[Xmca-l] Fwd: Invitation to the Call for Papers: Reconstructing the Social Sciences and Humanities: Antenor Firmin, Western Intellectual Tradition, and Black Atlantic Thought and Culture
Dr. Paul C. Mocombe
pmocombe@mocombeian.com
Sat Mar 3 08:23:11 PST 2018
Sent via the Samsung Galaxy Note8, an AT&T 4G LTE smartphone
-------- Original message --------From: Celucien Joseph <celucienjoseph@gmail.com> Date: 3/2/18 9:12 PM (GMT-05:00) To: glodel mezilas <glodelmezilas@hotmail.com>, "Louis, Bertin Magloire" <blouis2@utk.edu>, Nixon Cleophat <proudblack25@yahoo.com>, tammie jenkins <tjenki6@gmail.com>, Moussa Traore <camillio73@gmail.com>, Patrick Delices <pdelices@gmail.com>, "Dr.

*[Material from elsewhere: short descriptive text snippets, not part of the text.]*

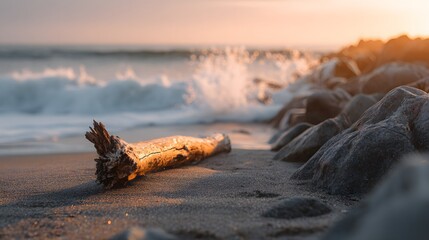 Weathered piece of wood rests on dark sand near crashing ocean waves during sunset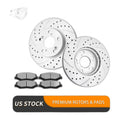 Front Drilled Slotted Brake Rotors Pads Kit for Honda Accord 2003-2017 Brakes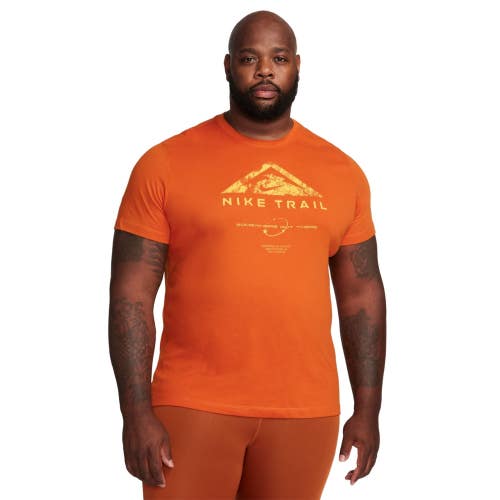 Nike Dri-FIT Trail T-Shirt Men's XL Orange Graphic Relaxed Fit Running FTS1635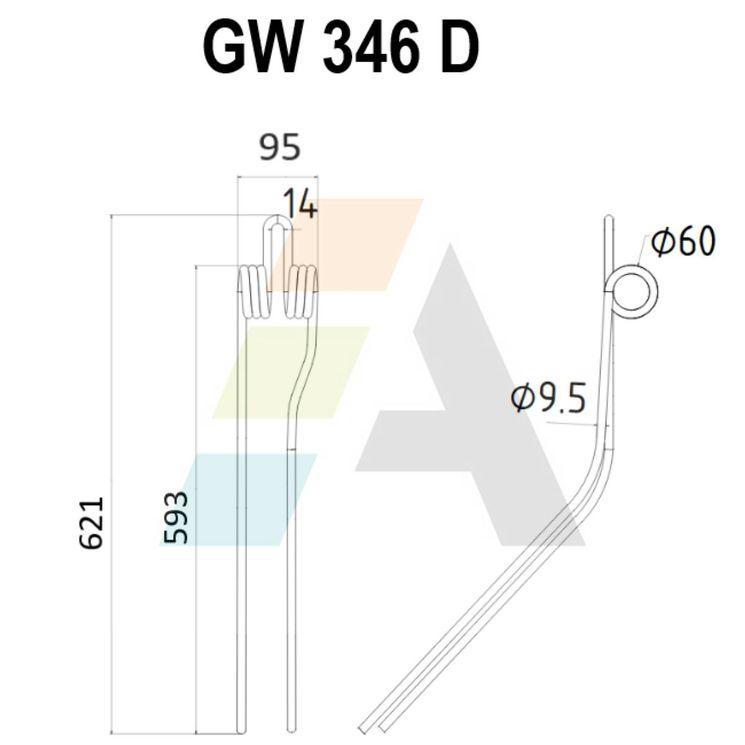 Dent d'andaineur, pour KRONE 153661.0, 51917.01, pièce interchangeable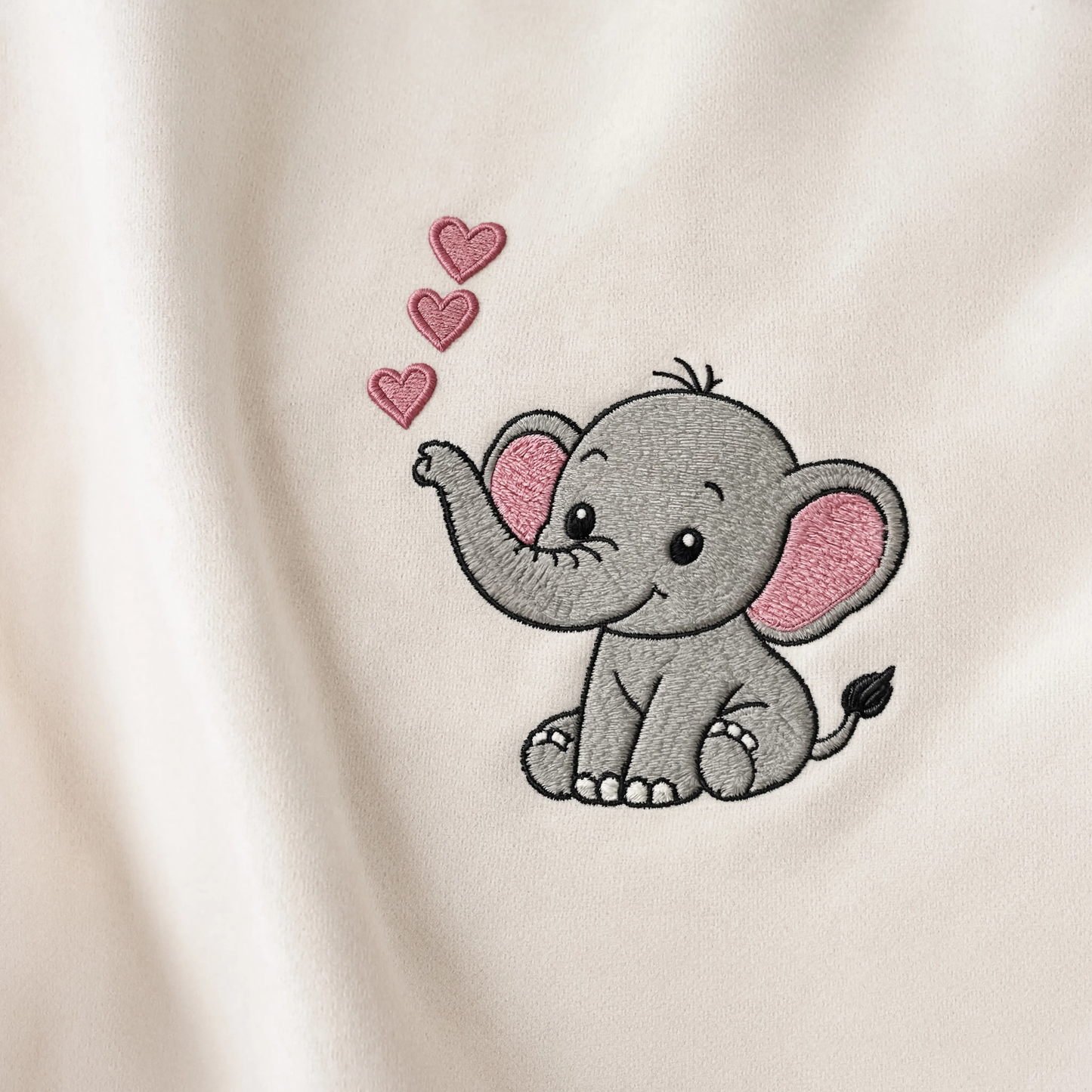 Cute Elephant Embroidered Oversized T-Shirt for Women | Premium Cotton Casual Tee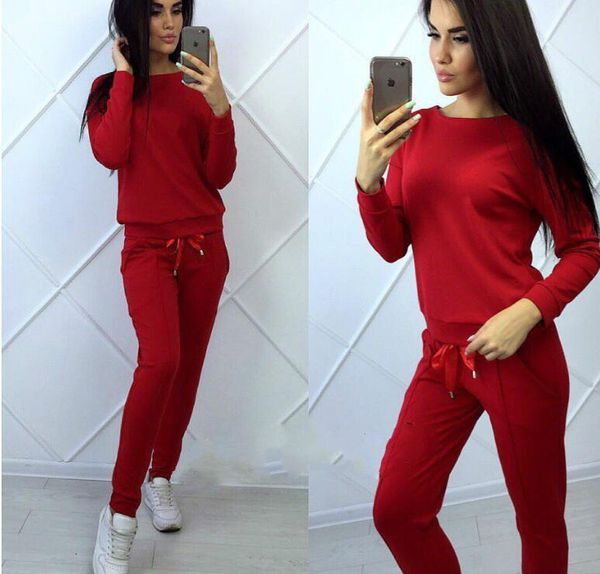 

high fashion women's printing frenulum long sleeves round collar sweater suit jogging femme, Gray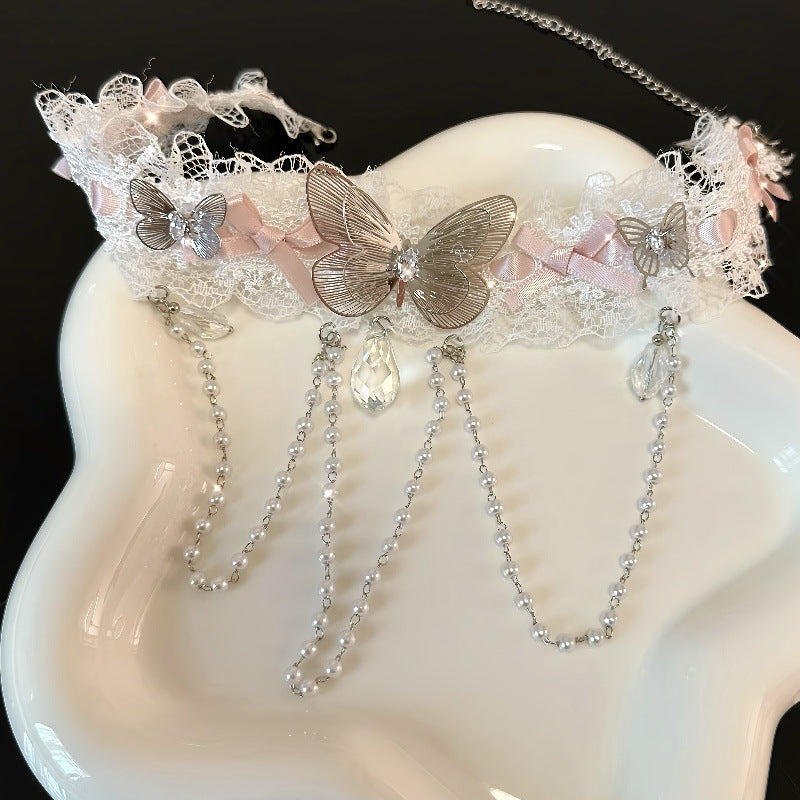 Wholesale  Lace Butterfly Pearl Tassel Bow Necklace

Paul C. Mocombe" <pmocombe@mocombeian.com>, Jean Poincy <caineve@yahoo.fr>, Jhon Picard Byron <jpicard.byron@gmail.com>, Brandon Byrd <bronbyrd@gmail.com>, Leslie Alexander <alexander.282@gmail.com>, gina ulysse <gulysse@gmail.com>, Dr Judite BLANC <juditeblanc@yahoo.fr>, Asselin Charles <asselinc@hotmail.com>, "Hebblethwaite,Benjamin John" <hebble@ufl.edu>, Wideline Seraphin <wseraphin@gmail.com>, Charlene Desir <cdesir13@gmail.com>, "Kaiama L. Glover" <kglover@barnard.edu>, Lewis Ampidu CLORMEUS <lewis.clormeus@ueh.edu.ht>, Lewis <lclormeus@yahoo.fr>, bennuinstitute@yahoo.com, nboaduo@wsu.ac.za, nanaadupipimboaduo@gmail.com, car318@psu.edu, asselinch@yahoo.com, Myriam Mompoint <Myriam.Mompoint@fsw.edu>, "Esther I. Rodriguez Miranda" <chezeparis@gmail.com>, "Alexander, William H." <whalexander@nsu.edu>, Rob Taber <robtaber@gmail.com>, eddy <dejapsa@gmail.com>, Joshua Clough <joshua.clough@duke.edu>, Charlotte Hammond <cahammond@hotmail.co.uk>, Kantara Souffrant <kantara.souffrant@gmail.com>, "Souffrant, Kantara" <kantara.souffrant@mam.org>, Crystal Felima <crystalfelima@gmail.com>, Barbara Lewis <Barbara.Lewis@umb.edu>, "Pereira, Emmanuel" <ep03e@my.fsu.edu>, Schallum Pierre <schallumpierre@gmail.com>, Wiebke Beushausen <Beushausen@uni-heidelberg.de>, Patricia Donatien-Yssa <patricia.donatien-yssa@martinique.univ-ag.fr>, Wilson Décembre <wdecembre@yahoo.fr> Subject: Invitation to the Call for Papers: Reconstructing the Social Sciences and Humanities: Antenor Firmin, Western Intellectual Tradition, and Black Atlantic Thought and Culture
Dear Friends,
I hope this message finds you well. I'm sending a special invitation to you because we have previously collaborated in a book project. I value your scholarship and the rigor of your research.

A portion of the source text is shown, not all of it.